Con este panorama, el último trimestre se hacía eterno y en nuestro corazón la vocación por el juego y la diversión chocaban de bruces contra la maldita obligación que pendía encima de nuestras cabezas como una espada de Damocles. Los exámenes se sucedían y a veces nos obligaban a quedarnos hasta muy tarde o a levantarnos de la cama antes de que saliera el sol para el último repaso.

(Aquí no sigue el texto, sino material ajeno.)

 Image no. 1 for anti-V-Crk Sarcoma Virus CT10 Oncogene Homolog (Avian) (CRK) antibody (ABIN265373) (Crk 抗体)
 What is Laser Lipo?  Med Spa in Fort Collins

Nos decían que nos estábamos jugando el porvenir, pero en nuestra conciencia infantil lo que realmente nos jugábamos era el sueño de pasar un verano tranquilo, llegar el último día de clase a la casa y guardar la cartera donde no la volviéramos a ver durante meses, librarnos de esa tortura que significaban las academias y las clases particulares, un castigo que nos dejaba sin verano.

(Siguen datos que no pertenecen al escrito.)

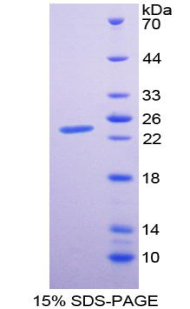 IFNL1 / IL29 Protein - Recombinant  Interleukin 29 By SDS-PAGE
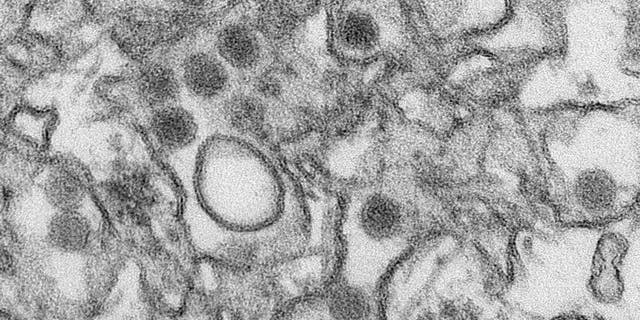 A transmission electron micrograph (TEM) shows the Zika virus, in an undated photo provided by the Centers For Disease Control in Atlanta, Georgia. REUTERS/CDC/Cynthia Goldsmith/Handout via Reuters
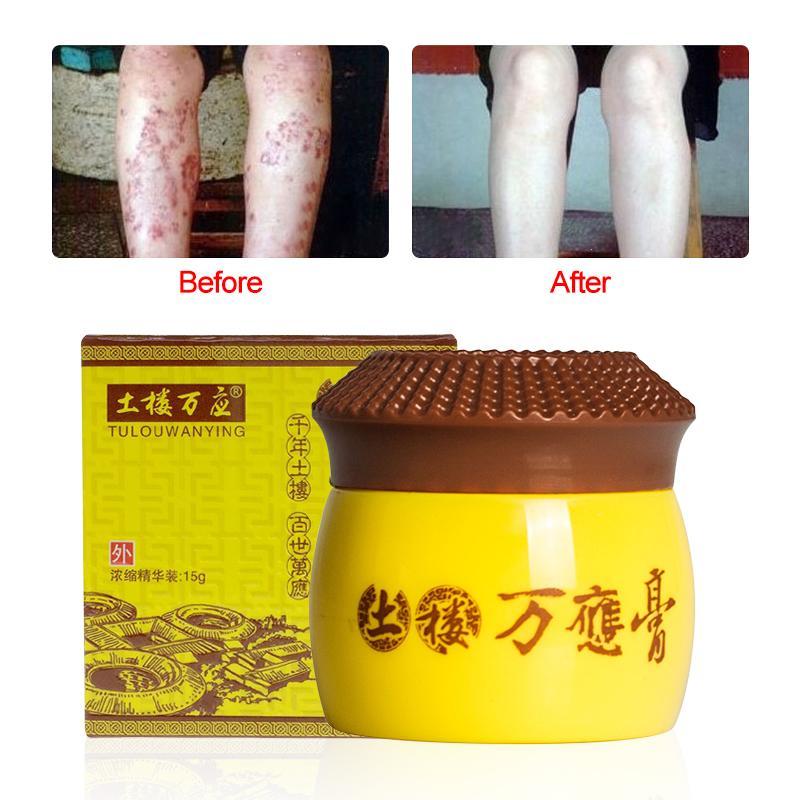15g Natural Mint Psoriasis Eczema Ointment Cream Skin Disease Eczema ...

Para los niños de la generación de la posguerra, el último trimestre era más duro aún que para los que vinimos después, porque ellos tenían que enfrentarse al temido examen de Ingreso para poder entrar en el Instituto. El examen de Ingreso venía a ser como el juicio final en el que los alumnos tenían que demostrar que estaban preparados para iniciar el Bachillerato. Con los pantalones cortos hasta las rodillas, camisa limpia, corbata estrecha y los zapatos oliendo a betún, comparecían en el estrado con los nervios apretándoles el alma. Para que los niños se sintieran más arropados era habitual que se presentaran en el lugar del examen con el maestro que los había orientado en su último curso de colegio. Su presencia les daba confianza y humanizaba aquel terrible momento. Tenían sólo diez años, pero aquella prueba de madurez los iba a convertir en hombres cuando unas horas después atravesaran de nuevo la puerta del Instituto para volver a casa.

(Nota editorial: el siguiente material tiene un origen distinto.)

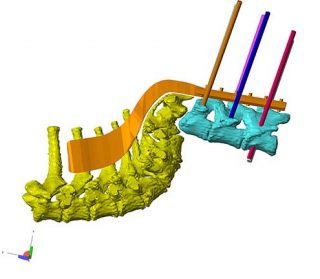 Figure 7a. Computer-aided design 3D image of the thoracolumbar spine with the custom designed plate (orange) and cylinders representing the planned screw trajectories.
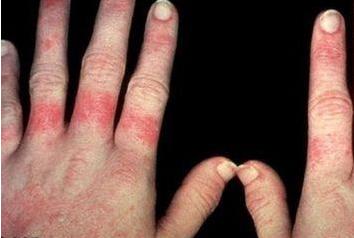 红斑狼疮记忆能恢复吗,红斑狼疮如何确诊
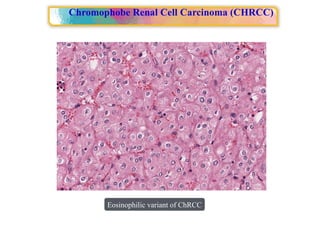 Approach to Renal cell carcinoma(RCC).pptx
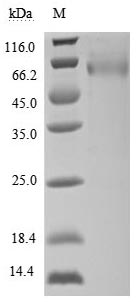 Recombinant Human UL16-binding protein 1(ULBP1) (Active)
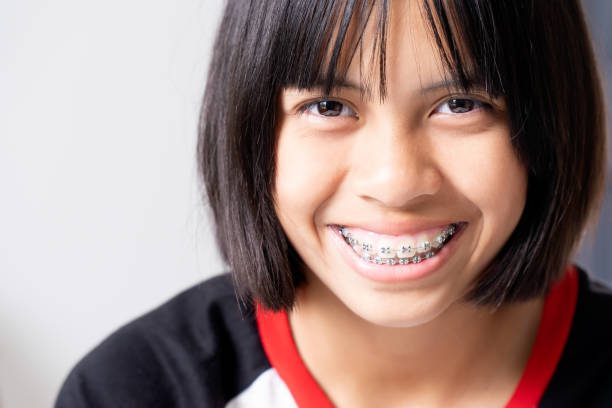 Girl with dental braces smiling and happy stock photo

El primer examen consistía en un dictado interminable, una división con la prueba y una resta llena de dificultades. Después se enfrentaban al momento más duro, el instante de medirse, cara a cara, con un tribunal formado por siete profesores, que sometían al alumno a preguntas de todas las asignaturas que había que contestar en el menor tiempo posible. Al examen de Ingreso se podía llegar por dos caminos, después de terminar el sexto curso de Primaria en el colegio, o bien haciendo hasta cuarto y cumpliendo después los dos años de Preparatoria, en los que se instruía a los alumnos para la prueba de acceso al Bachillerato. La Preparatoria se hacía en el mismo Instituto y estaba a cargo de dos profesores, don José Soler, que daba Primero, y don Juan Jaramillo, el de Segundo. Los que superaban el ejercicio regresaban en septiembre para formalizar la matrícula y comenzar una nueva etapa en sus vidas. Entrar en el Instituto, para aquella generación de almerienses que nacieron en los años de la posguerra, significaba formar parte de ese estatus privilegiado que eran los estudiantes y alejarse de la dureza de la vida laboral prematura, a la que tenían que enfrentase los jóvenes que no querían o no podían seguir estudiando.